Walupun Shena masih shock dan juga ragu, entah mengapa hatinya tergerak untuk menerima uluran tangan itu. Leo tersenyum karena istri tercintanya masih mau menuruti keinginannya. Tanpa menunggu waktu lama, Leopun menarik tangan Shena dan membawanya masuk ke sebuah pintu rahasia yang tak diketahui oleh siapapun.
"Shena sudah bersamaku," ujar Leo ketika ia berjalan bergandengan tangan dengan Shena. "Siapkan segalanya sesuai rencana.

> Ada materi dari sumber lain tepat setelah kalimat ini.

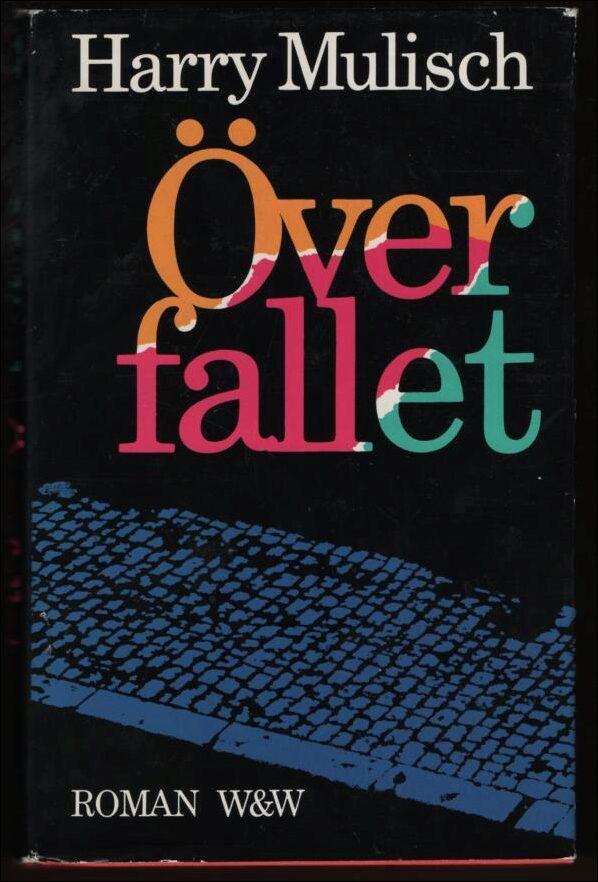 &Ouml;verfallet : roman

Kita akan beraksi malam ini, ah ... apa putraku aman?" tanya Leo pada seseorang yang ada diseberang sana melalui sambungan headset Leo. "Oke, temui aku di markas. Aku sedang dalam perjalanan kesana bersama istriku." Leo menutup sambungannya.
Shena masih belum bisa percaya semua ini dan tak mengerti apa yang sedang terjadi, walau tak dapat dipungkiri bahwa ia bahagia dan merasa lega, karena suaminya ternyata masih hidup dan terlihat baik-baik saja.